Rules enable relationship. The Ten Words graciously position us to live at peace with God and others. The Great Commandment, the one which Jesus says sums up all 611 of the general and specific laws of the Old Testament, bears this out:

You shall love the Lord your God with all your heart and with all your soul and with all your strength and with all your mind, and your neighbor as yourself. (Luke 10:27)

The Great Commandment is the underlying principle for all right living. Not surprisingly, the Ten Words follow the same pattern of Godward lawfulness first, and manward lawfulness second. The Ten Words are encouraging words, meant to give us hope—hope that we will live rightly oriented to God and others, hope that we will grow in holiness.6 They are not given to discourage but to delight. They are no less than words of life.
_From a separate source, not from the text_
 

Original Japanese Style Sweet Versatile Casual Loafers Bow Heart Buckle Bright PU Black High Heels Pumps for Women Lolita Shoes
But take note: they are not words of life for everyone. For the unbeliever, obedience to the Ten Words can yield only the deadly fruit of legalism. As the author of Hebrews makes plain, “Without faith it is impossible to please [God]” (Heb. 11:6). These words bring life only to those who have been joined to Christ through faith. Our relationship has been purchased by the perfect obedience of Christ to the law. The life of Jesus fulfills the prophetic words of Psalm 40:8: “I delight to do your will, O my God; / your law is within my heart.”

He who delighted in the law of God offers it to those who trust in him, that they might delight in it, as well. And so that they might please God. With faith, by the power of the Spirit, it is possible to please God.
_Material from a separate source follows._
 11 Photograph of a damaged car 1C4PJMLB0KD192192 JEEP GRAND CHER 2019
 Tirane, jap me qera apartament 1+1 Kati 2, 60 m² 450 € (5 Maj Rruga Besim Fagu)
I propose that we determine not just to remember the Ten Words, but to delight in them, to see beauty in them, to seek encouragement from them, and to live by them. They stand ancient and timeless, as for ransomed Israel, so for us: a feast of righteousness spread in the wilderness, fortifying our hearts for the journey home.

1  Reuters Life!, “Americans Know Big Macs Better Than Ten Commandments,” Reuters, Thomson Reuters, October 12, 2007, www.reuters.com/article/us-bible-commandments/americans-know-big-macs-better-than-ten-commandments-idUSN1223894020071012.

2  John 14:15

3  See Ps. 1.

4  Matt. 5:6; 6:24; John 3:5; 8:36

5  Gal. 5:1

6  Rom. 15:4

1

The First Word

Undivided Allegiance

And God spoke all these words, saying, “I am the Lord your God, who brought you out of the land of Egypt, out of the house of slavery. You shall have no other gods before me.”